Fulbright interviews were intense, but went well. Now I rewrite everything, and on Tuesday I let it go. I don't know if you've guys have noticed, but I don't do really well with things I can't control. The idea of not being able to control whether or I go to Ireland next year doesn't sit well with me. Even more, the fact the I won't know anything until I'm packing up to move somewhere else (where or if....also no clue) also doesn't feel great either.
It's hard for anyone to surrender things to the universe, but I have particular problems with it. I guess it's something to work on.
This year feels different. Last year I started to accept some of the changes in my identity.
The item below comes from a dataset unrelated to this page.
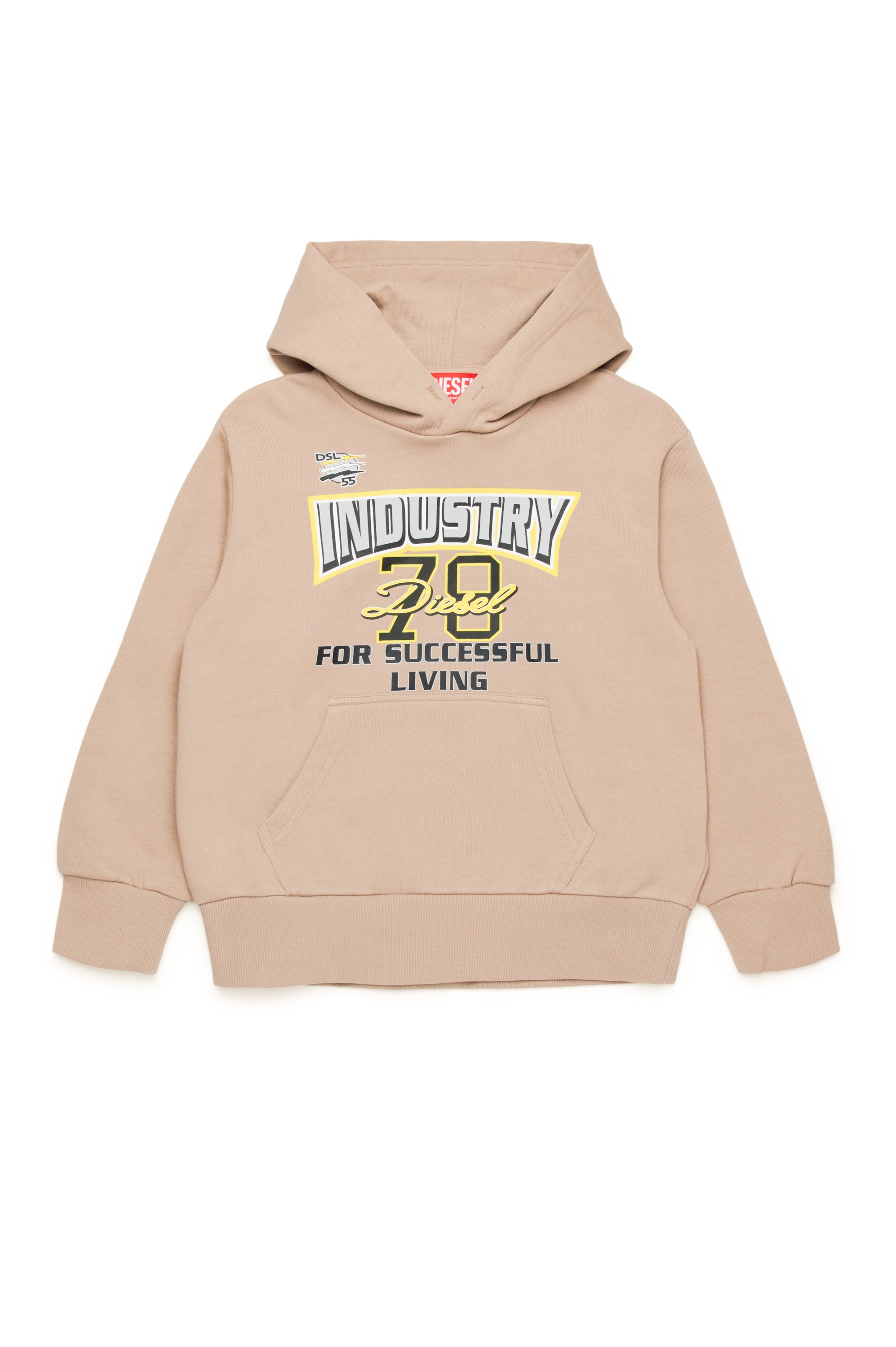 Diesel - SRULP OVER, Man's Faded hoodie with logo graphic in Light Brown - 1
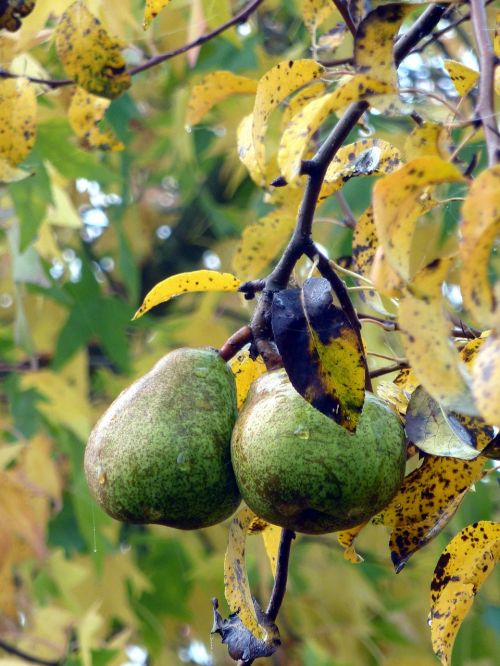 fruit fall pears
In particular, I took a step back from being the "classical flutist." It was hard. I had been that person in one way or another for a good decade or so. I was comfortable with that label. This year, the labels I identify with most comfortable are ethnomusicologist, musicologist, early musician, and traditional musician. This summer immersed me in all of those contexts, and I came out believing in my ability to do all of those things. This year feels different because I came out of this summer with a clearer understanding of what I'm able to do and what I want to do, and I'm comfortable with most of the labels floating around in my head (even though they are just labels).
I guess that's the best thing about FPU, I'm starting (trying) to become more comfortable in my own skin. I'm not all the way there yet (are we ever completely comfortable with who we are, with the labels and categories people put us in.....and the prejudices that come with each of those categories......wow, that's an entirely different post), but life is a work in progress anyway, right?